I tried on a pair this summer. The fabric was nice, but I thought the prints were uninspiring. The price seemed very related to the name and the clientele, in the sense that although all the details were obviously top quality, I couldn't see how the trunks could be sold at less than 200% mark up.

Ultimately, the deciding factor for me was that my wife and girls said that they looked naff when they were on. I reckoned 5 pairs was a more than reasonable try out so I abandoned the shop without regret.


----------



## gopherblue (May 18, 2009)

Overpriced. And when worn at the appropriate venue (on the beach or poolside), no one would ever know, except overly brand-conscious types.


----------



## rgrossicone (Jan 27, 2008)

They have them at Century 21 for just over $100...right next to suits that look exactly the same for half to a third of the price. They did have one really cool one that may have tempted me, but not in my size.


----------



## Lagavulin16 (Nov 9, 2008)

I have worn them for years and love them. I currently have 5 of them and leave a couple in my overnight bag and garment bag just in case I come in contact with water. The material is great, dries quick and looks great paired with a linen shirt. Some of the patterns are atrocious, but overall I always seem to find something I like.


----------



## nicksull (Sep 1, 2005)

I think they are an institution in the Med but have become almost chavvy because so recognizable to the upwardly mobile. That said very well made and if you pick the right print youre laughing. I like the father and son print idea if only i could afford two pairs...


----------



## deanayer (Mar 30, 2008)

They are simply overpriced for what you get. There claim to fame in the design department is the fact that there are a couple of little vent holes in the back (centerless metal grommets) that let air out of the suit so it doesn't puff up. Thats not all that miraculous a feature and probably adds 25 cents to the cost of the suit. The material and the lining are generic, the prints and colors are nice but hardly unbeatable. 

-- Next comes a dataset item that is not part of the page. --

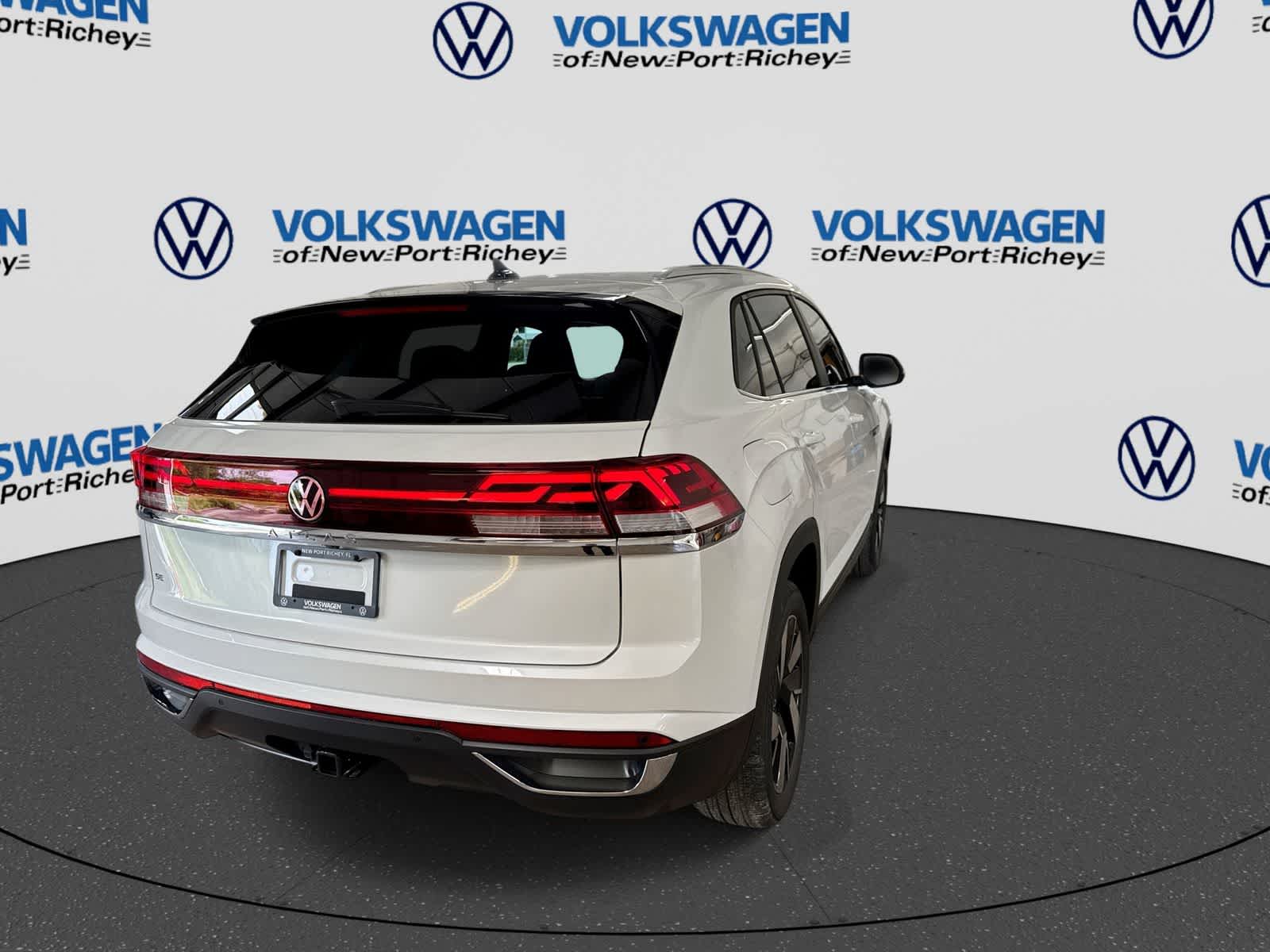 2026 Volkswagen Atlas Cross Sport 2.0T SE con tecnología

Maybe the reason they sell at a premium is that so many other makers bang out ultra-cheap suits with the expectation that you will only use them for a year or that they are guaranteed to fade in chlorinated water and sun light. I dont really know of a bathing suit brand where the maker asserts that the product will have a long useable life. 

I have a suit from Nautica that is probably the best bathing suit I have ever owned. I dont know what kind of treatment was used on the fabric but it is heavier than normal bathing suit material and it wicks away water and dries amazingly fast. It also hasn't faded in three years of use. It didn't cost as much as a Vilebrequin (no where near) and I would recommend Nautica's bathing suits over anyone. You do have to go to a nautica store however and look at what they have so you can find the kind I am talking about, the material is a very thick cotton that seems to repel water, its only used in their higher end suits.


----------



## Leon (Apr 16, 2005)

nicksull said:


> . I like the father and son print idea if only i could afford two pairs...


Yeah, cool. If only i had a son!

Leon


----------



## rgrossicone (Jan 27, 2008)

Leon said:


> Yeah, cool. If only i had a son!
> 
> Leon


I'm having one in Sept!


----------



## udeshi (Sep 29, 2005)

I did an informal survey amongst my clients, and all seemed to favour the prints (sorry Leon, didn't know you wore them). I asked what about the plains that they also do, and they all said, I have to wear plains to work, I want something different and fun.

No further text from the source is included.